• Given data:
++++++

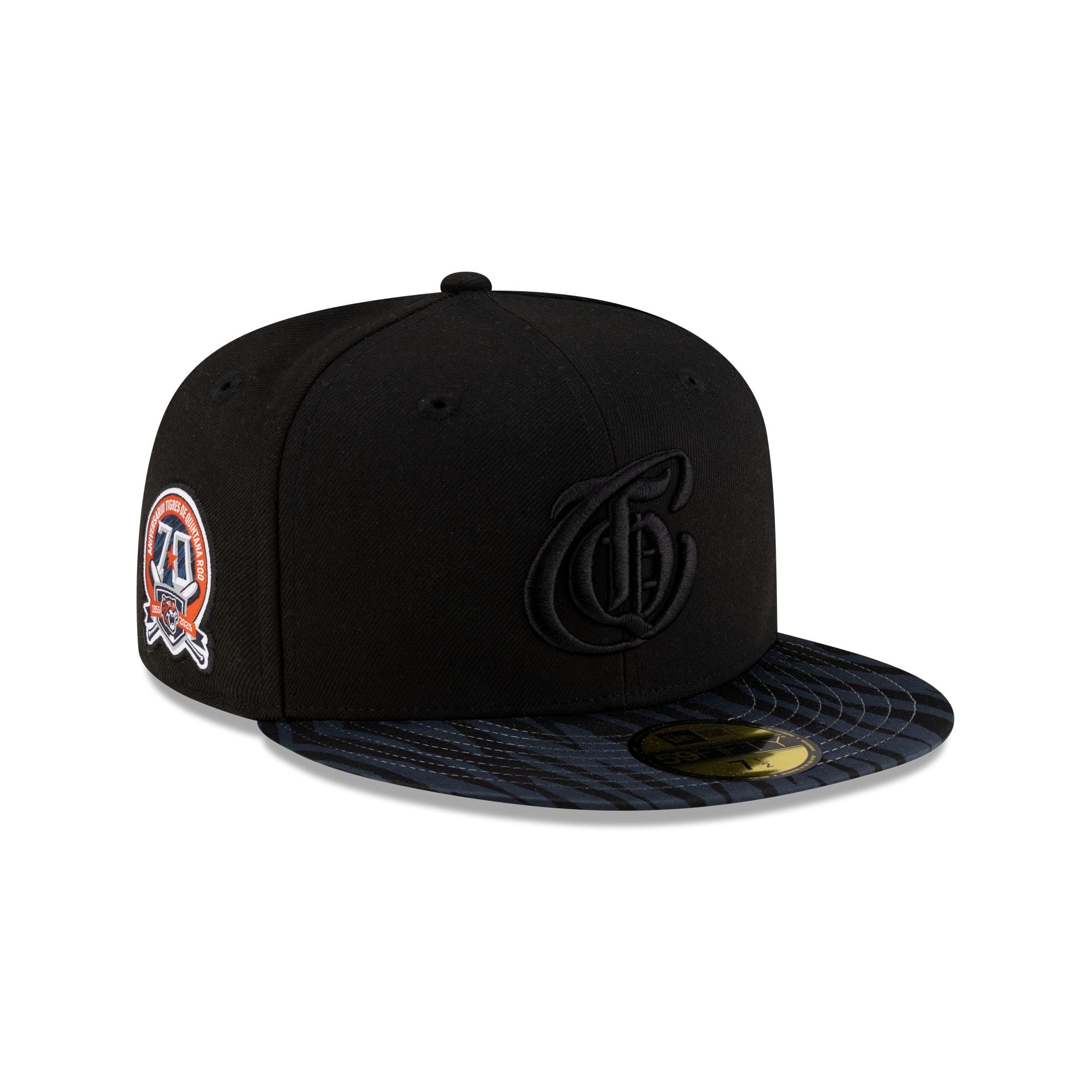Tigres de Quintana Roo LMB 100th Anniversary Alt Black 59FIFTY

++++++

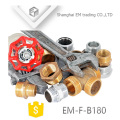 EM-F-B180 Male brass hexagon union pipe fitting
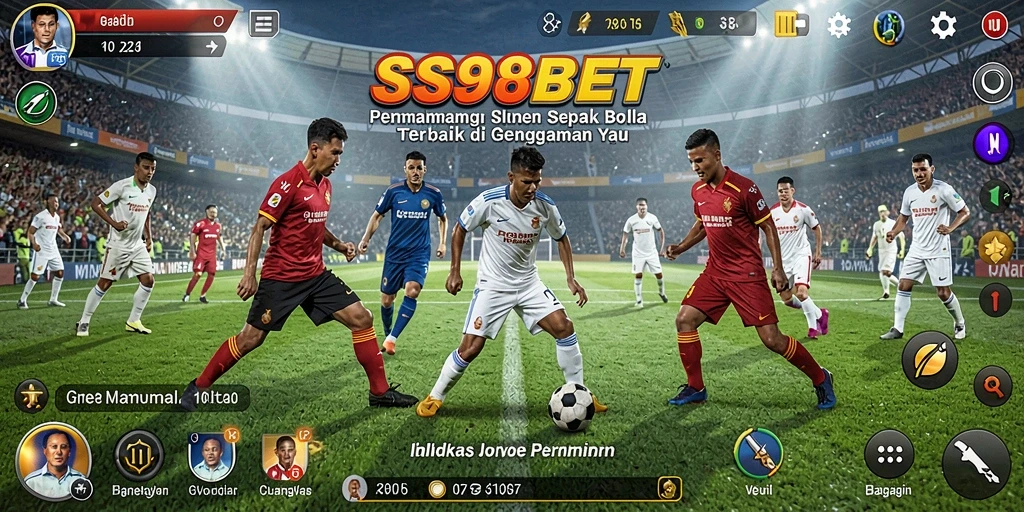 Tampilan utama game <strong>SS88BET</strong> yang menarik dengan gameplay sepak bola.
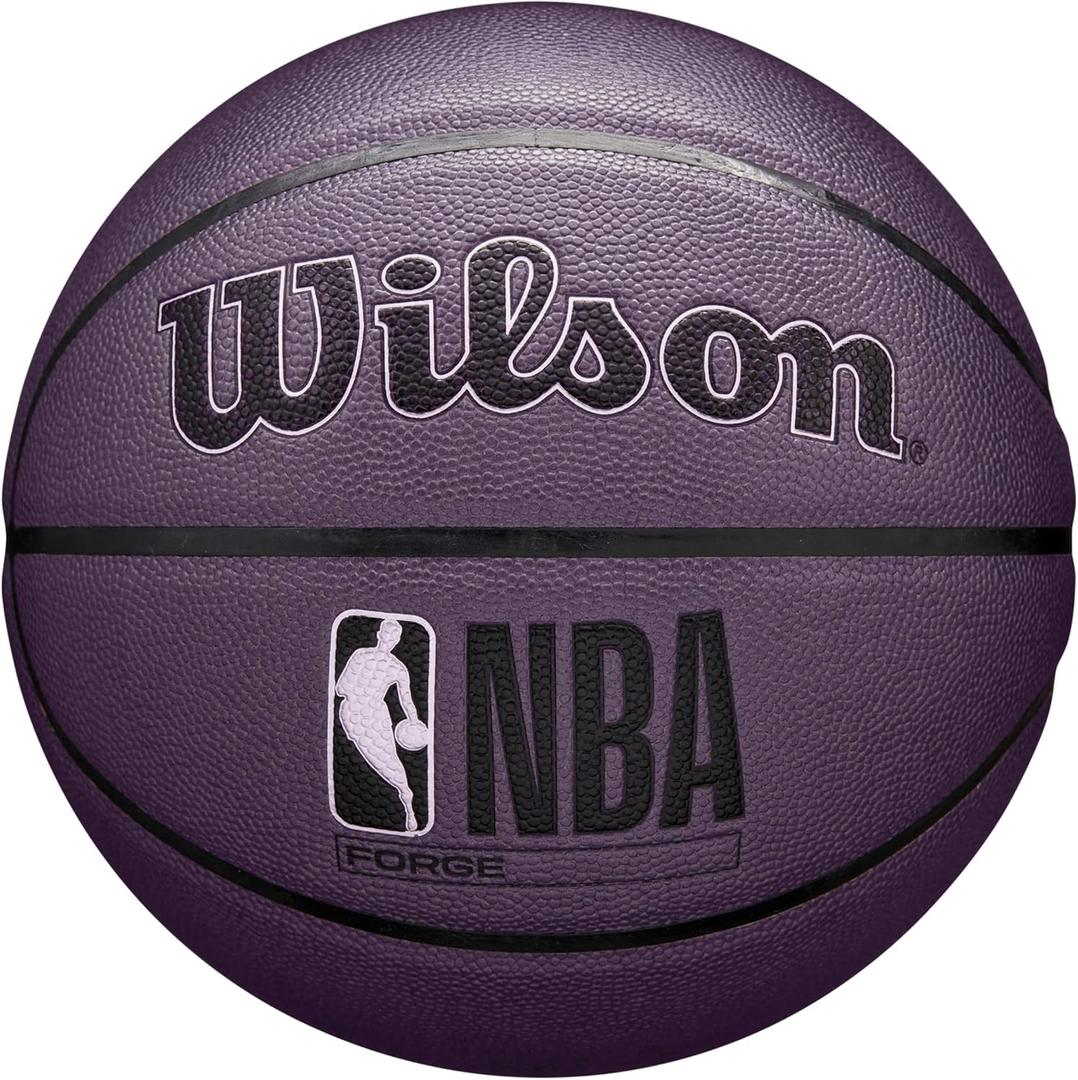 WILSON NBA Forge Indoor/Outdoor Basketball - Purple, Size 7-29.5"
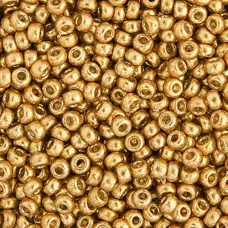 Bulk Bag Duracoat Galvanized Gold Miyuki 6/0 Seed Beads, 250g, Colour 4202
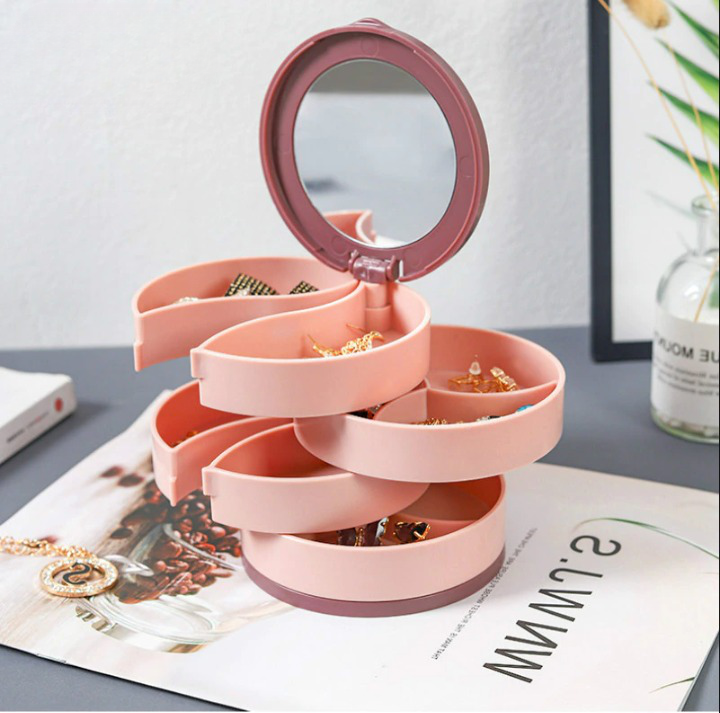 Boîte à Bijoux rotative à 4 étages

++++++

Using the data above, transcribe exactly the lines between those containing "Tampilan utama game" and "Boîte à Bijoux rotative à 4 étages", inclusive, and leave every picture behind.

 Tampilan utama game <strong>SS88BET</strong> yang menarik dengan gameplay sepak bola.
 WILSON NBA Forge Indoor/Outdoor Basketball - Purple, Size 7-29.5"
 Bulk Bag Duracoat Galvanized Gold Miyuki 6/0 Seed Beads, 250g, Colour 4202
 Boîte à Bijoux rotative à 4 étages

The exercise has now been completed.